Der Europäische Rettungsschirm EFSF sieht die Nicht-Zahlung der Kreditrate an den IWF als Zahlungsausfall für bestimmte EFSF-Kredite an. Als Konsequenz könnte die unverzügliche Rückforderung sämtlicher Zahlungen des EFSF an Athen sowie der Zinsen verlangt werden. EFSF-Chef Klaus Regling erklärte am Mittwoch, er werde die Euro-Arbeitsgruppe und das Direktorium des Rettungsschirms informieren und drei Optionen für die weitere Vorgangsweise vorschlagen. Eine sei die Forderung nach unverzüglicher Fälligstellung der Hilfskredite an Athen.
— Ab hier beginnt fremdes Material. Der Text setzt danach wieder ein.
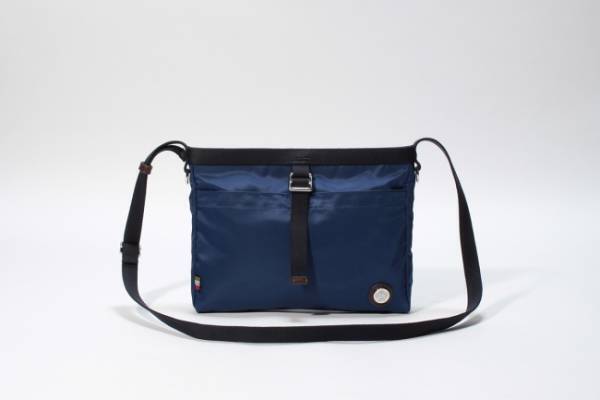 イタリア・リモンタ社のナイロンを本体生地に採用。オロビアンコの最新コレクション「NUOVO」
Griechische Industrie schrumpft deutlich

Um Mitternacht lief zudem das Hilfsprogramm der griechischen Euro-Partner aus. In einer hektischen Telefonkonferenz hatte die Euro-Gruppe wenige Stunden zuvor die Bitte der griechischen Regierung abgelehnt, das Programm bis über das Referendum hinaus zu verlängern. Damit ist Griechenland von Hilfen der internationalen Partnern so gut wie abgeschnitten. Lediglich die EZB hat den Geldhahn noch nicht ganz zugedreht, will aber im Laufe des Tages noch über den Rahmen von ELA-Notkrediten für griechische Banken entscheiden.
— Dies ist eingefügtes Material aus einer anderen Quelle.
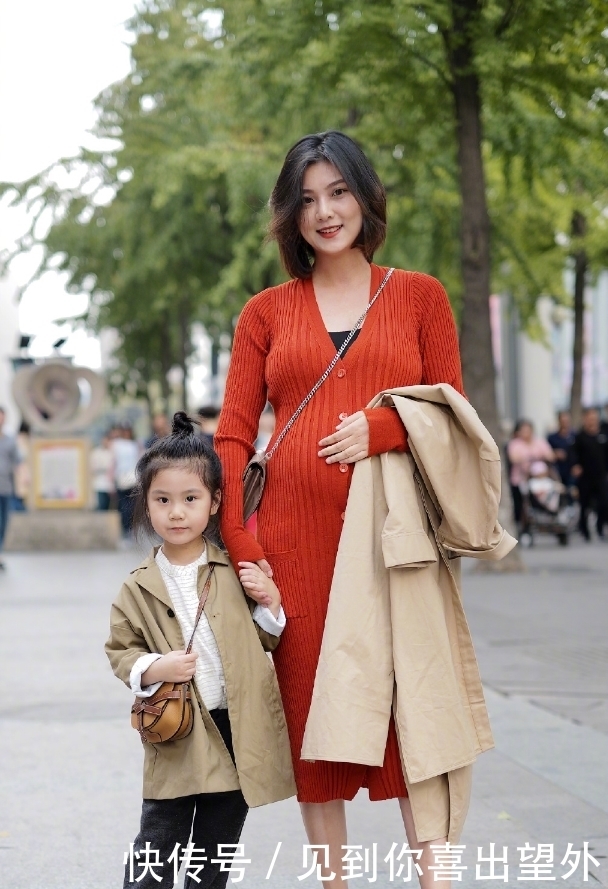 杭州辣妈眼光真棒,和女儿穿亲子装出门好时髦,每一套都值得借鉴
Der Kapitalverkehr in Griechenland ist bereits stark eingeschränkt. Zudem fehlen nun die eigentlich schon zugesicherten Milliarden bei der Bezahlung von Löhnen und Zinsen. Angesichts der Ungewissheit über den Verbleib des Landes in der Eurozone gerät auch die griechische Industrie immer stärker unter Druck. Ihre Produktion schrumpfte im Juni so stark wie seit zwei Jahren nicht mehr. Die Rating-Agentur Fitch stufte die Note für die langfristige Bonität Griechenlands um eine Stufe auf "CC" herab. Italiens Ministerpräsident Matteo Renzi betonte erneut, bei dem Referendum am Sonntag gehe es letztendlich um die Frage, ob Griechenland den Euro behalten wolle oder zur Drachme zurückkehre.